Some basic concepts and principles of optical dielectric slab waveguiding and experimental methodology involving characterisation of waveguide films are introduced, Results from the characterisation of thin polymeric waveguide films and measurements of refractive indices of the films are presented. The birefringence of some polymer films is analysed and discussed. The photostabilities of several dopants (DEMI, Ultra-DEMI, Dicyclohexyl-DEMI, Mor2, Morpip and DCM) are investigated in a polymer matrix (PMMA), and their measured photostabilities are presented. These organic chromophores change their properties in the course of photodegradation. Degradation experiments are carried out by exposing the doped waveguide films to light in air, vacuum and nitrogen environments.

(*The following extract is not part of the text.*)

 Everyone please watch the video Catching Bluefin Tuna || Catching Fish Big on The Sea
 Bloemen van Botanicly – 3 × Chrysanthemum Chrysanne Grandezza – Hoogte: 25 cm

The degradation mechanisms of these chromophores are discussed. It is found that the degradation of the DEMI, Ultra-DEMI, Dicyclohexyl-DEMI and DCM are due to photooxidation, their photostabilities are much higher in vacuum than in air. The Mor2 and Morpip degrade by direct photodecomposition, their photostabilities are in the same order when exposed to light in their main absorption bands. The oxygen free environment (e.g. vacuum) is essential to increase their photostabilities. A beam branching effect in DCM doped waveguide film is observed. Stacked multi-layer waveguides are investigated as possible humidity sensors. Symmetric structure (PMMA/P-4VP/PMMA/P-4VP/PMMA) (P4VP-I) and unsymmetric structure (Si02/P-4VP/Zeonex/P-4VP/Air) (P4VP-II) are studied. Special procedures and process have been developed to fabricate multi-layer waveguide structures in experiments. It is found that both structures have good reversibilities and show reasonable stabilities. 30 ppm concentrations of water vapour can be detected by the P4VP-II structure. The experimental results show that the overall response of P4VP-II structure exhibits good linearity with increase of the concentration of water vapour. The structures can not only measure the phase shift of interference, but also can measure the direction of fringe movement. The sensitivity of the structure can be further improved by using different combinations of polymers in the structure.